Se les dijo que sería una bebita, y día tras día, noche tras
noche Michael le cantaba a su hermanita en la pancita de su
mamá. El embarazo avanzaba normalmente para Karen. El trabajo
de parto comenzó. Cada cinco minutos, cada minuto... Pero al
momento del parto, se presentaron algunos problemas... horas
de dilatación... ¿Seria necesaria una cesárea? Por fin nació
la hermanita de Michael. Pero con serías complicaciones... En
medio de una bulliciosa sirena, la ambulancia llevó a la niña
a la unidad de cuidados Intensivos neonatales del hospital.
Los días pasaban, y la niña se ponía cada vez peor... El
pediatra les dijo a los padres: "Hay muy poca esperanza.
Prepárense para lo peor". Karen y su esposo contactaron con un
cementerio local por una sepultura... Habían arreglado una
habitación especial para la nueva bebita,... ahora planeaban
su funeral... Mientras, Michael seguía rogándoles a sus padres
que le dejaran ver a su hermanita. "Quiero cantarle", repetía
el niño. Segunda semana en cuidados intensivos. Parecía que el
funeral llegaría antes de terminar la semana. Y Michael seguía
entercado en cantarle a su hermanita, pero nunca se permitía
la entrada de niños a Cuidados Intensivos. Pero Karen aclaro
sus ideas, y decidió llevar a Michael, les guste o no. Si no
veía a su hermana, nunca la podría ver con vida. Lo vistió en
un traje de limpieza súper grande, y se fueron camino a UCI.
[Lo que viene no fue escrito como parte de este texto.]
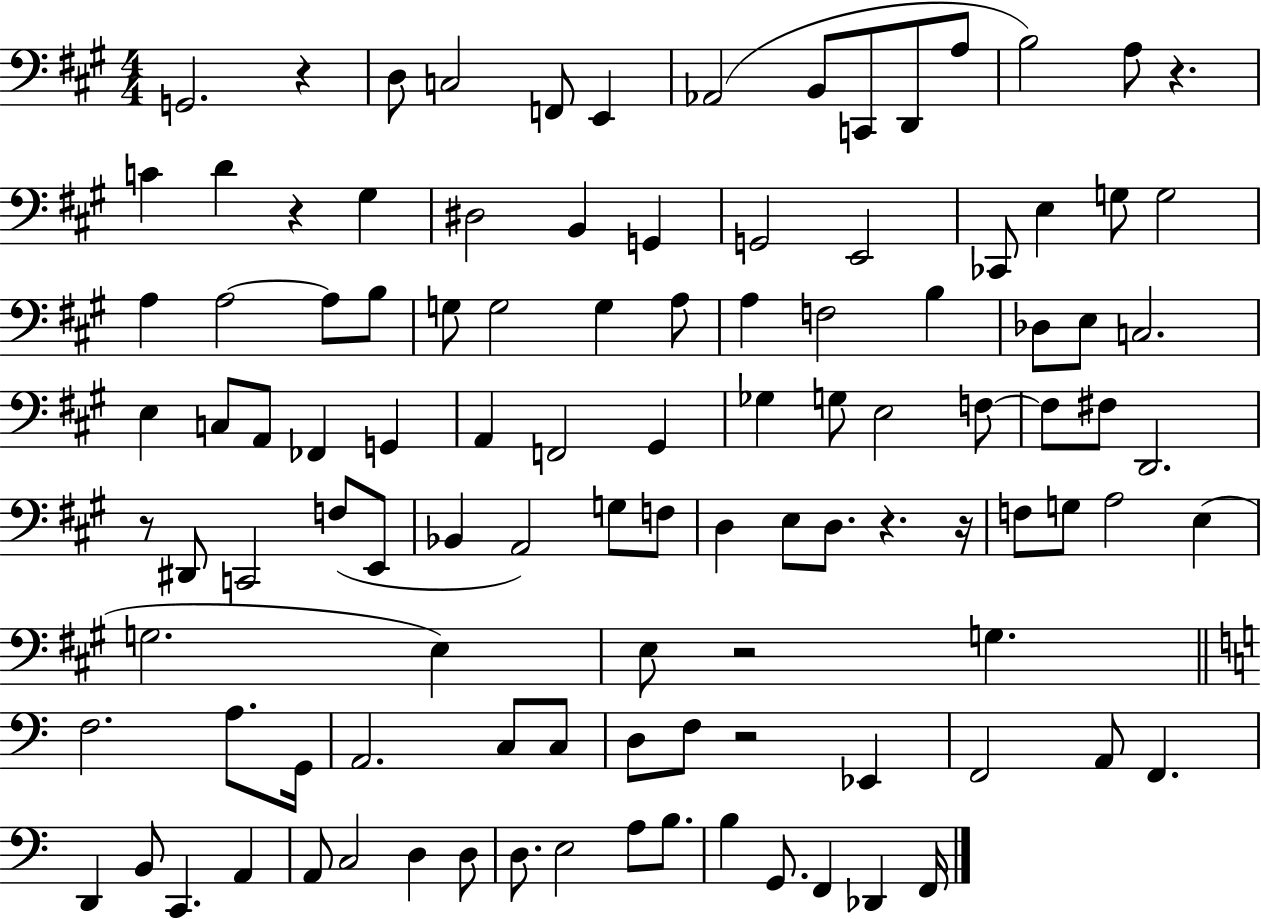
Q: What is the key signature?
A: A major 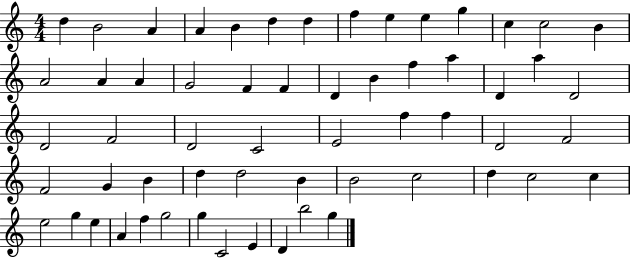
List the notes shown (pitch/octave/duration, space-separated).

D5/q B4/h A4/q A4/q B4/q D5/q D5/q F5/q E5/q E5/q G5/q C5/q C5/h B4/q A4/h A4/q A4/q G4/h F4/q F4/q D4/q B4/q F5/q A5/q D4/q A5/q D4/h D4/h F4/h D4/h C4/h E4/h F5/q F5/q D4/h F4/h F4/h G4/q B4/q D5/q D5/h B4/q B4/h C5/h D5/q C5/h C5/q E5/h G5/q E5/q A4/q F5/q G5/h G5/q C4/h E4/q D4/q B5/h G5/q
Michael parecía una bolsa de ropa sucia con "patitas", pero la
Jefa de enfermeras los pesco y muy molesta les dijo: “¡Saquen
a ese niño de aquí ahora! No se permiten niños". El sentido de
madre se apoderó de Karen, y la dama habitualmente suave,
ahora con gesto adusto miro penetrantemente a la enfermera,
directo a los ojos: "¡El no se va hasta que le cante a su
hermanita!" Karen se llevo consigo a Michael hasta la cama de
su hermanita, y él se quedó mirando a la pequeñita que estaba
perdiendo la batalla por la vida... Comenzó a cantar... Con la
tierna voz de un nene de 3 años, Michael cantaba: “Eres mi
rayito de sol, mi único rayito de sol, me haces feliz cuando
el cielo esta gris". Inmediatamente la bebe reaccionó. El
pulso se calmó y se volvió estable... Sigue cantando
Michael... "Nunca sabrás, cariño, todo lo que te amo. Por
favor no te lleves mi rayito de sol..." Su respiración
irregular y tensa, se hizo tan suave como el ronroneo de un
gatito... Sigue cantando Michael..."La otra noche, cariño,
cuando me fui a acostar, soñé que te tenía en mis brazos..."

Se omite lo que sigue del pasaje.